Yesterday, shrugging-and-blinking actress Anne Hathaway posted a picture of herself in a bikini with her pregnant belly showing. From the state-fair-beauty-queen pose to the big dumb waves crashing in the background, this photo of Anne Hathaway’s “baby bump” makes me as upset as a starving little French person in 1815.
I really hate pregnant bellies. I know this is unpopular and it’s not a pregnant woman’s fault that her belly button looks like a disgusting, stretched out shrapnel scar in the middle of her nauseatingly firm sack of fluid and alien body parts, but I can’t help it. Seeing a pregnant belly makes me feel like tragic, pale Cosette, barefoot and dragging my rags around the streets of Montfermeil. This is literally how I feel.
Why does Anne Hathaway have to stand like such an asshole in this picture? Up on her stupid toes and her knee all bent like a mudflap girl? Why is she presenting her mound packed with extra veins and blood like it’s a beautiful meal anyone wants to eat?? Why is Jean Valjean thrown in prison for stealing a loaf of bread to feed a starving child??? I don’t know the answers to either of these questions but I know one could fill two acts and 50 musical numbers trying at very least to understand them.

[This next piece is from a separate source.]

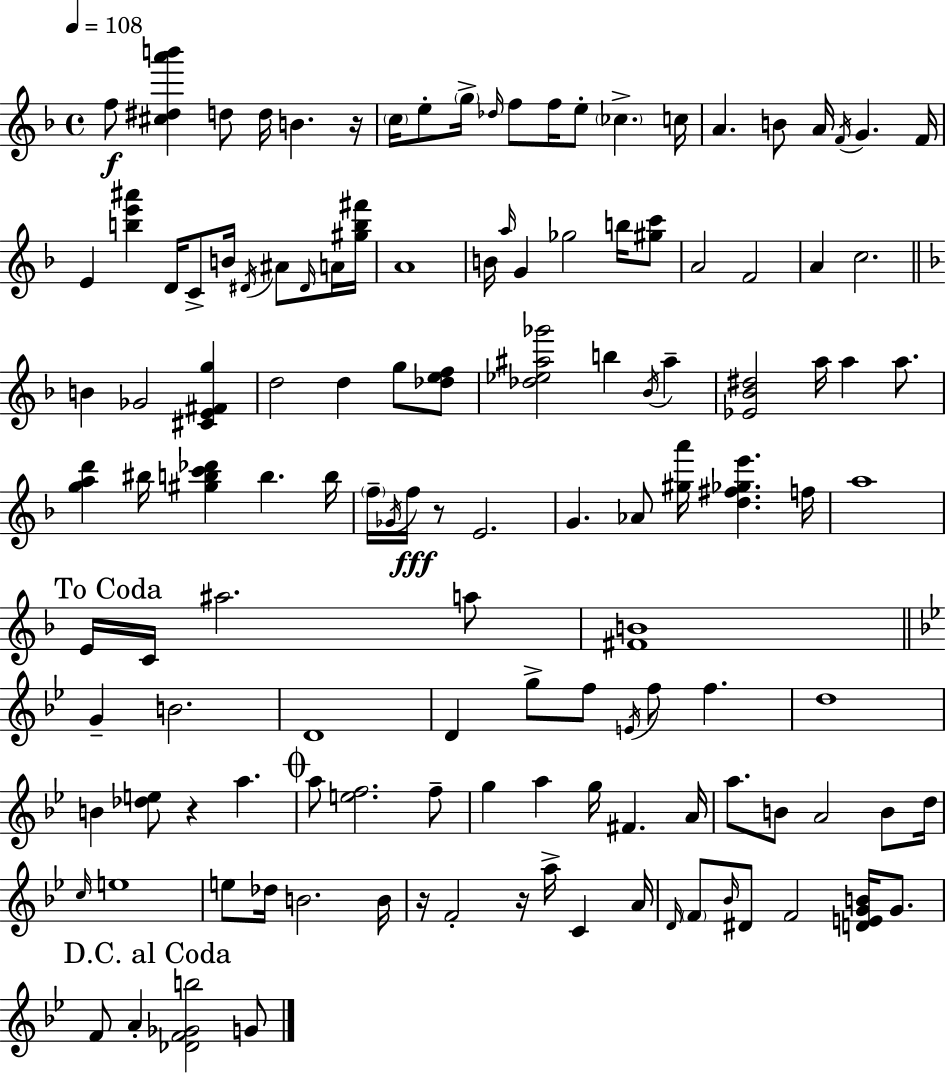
F5/e [C#5,D#5,A6,B6]/q D5/e D5/s B4/q. R/s C5/s E5/e G5/s Db5/s F5/e F5/s E5/e CES5/q. C5/s A4/q. B4/e A4/s F4/s G4/q. F4/s E4/q [B5,E6,A#6]/q D4/s C4/e B4/s D#4/s A#4/e D#4/s A4/s [G#5,B5,F#6]/s A4/w B4/s A5/s G4/q Gb5/h B5/s [G#5,C6]/e A4/h F4/h A4/q C5/h. B4/q Gb4/h [C#4,E4,F#4,G5]/q D5/h D5/q G5/e [Db5,E5,F5]/e [Db5,Eb5,A#5,Gb6]/h B5/q Bb4/s A#5/q [Eb4,Bb4,D#5]/h A5/s A5/q A5/e. [G5,A5,D6]/q BIS5/s [G#5,B5,C6,Db6]/q B5/q. B5/s F5/s Gb4/s F5/s R/e E4/h. G4/q. Ab4/e [G#5,A6]/s [D5,F#5,Gb5,E6]/q. F5/s A5/w E4/s C4/s A#5/h. A5/e [F#4,B4]/w G4/q B4/h. D4/w D4/q G5/e F5/e E4/s F5/e F5/q. D5/w B4/q [Db5,E5]/e R/q A5/q. A5/e [E5,F5]/h. F5/e G5/q A5/q G5/s F#4/q. A4/s A5/e. B4/e A4/h B4/e D5/s C5/s E5/w E5/e Db5/s B4/h. B4/s R/s F4/h R/s A5/s C4/q A4/s D4/s F4/e Bb4/s D#4/e F4/h [D4,E4,G4,B4]/s G4/e. F4/e A4/q [Db4,F4,Gb4,B5]/h G4/e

Oh you’re at the beach in December, Anne Hathaway? Good for you. You’re a real master of the house. Keeper of the zoo. Dabby-dabby-dabby-dabby do-do-do.
Also, this is not brave. Instagramming a filtered picture of your pregnant belly has now been done approximately 4,000 times. A celebrity showing us her pregnant belly is about as surprising as the refrain in “One Day More.” By the time they’ve sung it for the millionth time, it makes you as nauseous as an abused factory worker.
Yeah, I intentionally didn’t mention Fantine.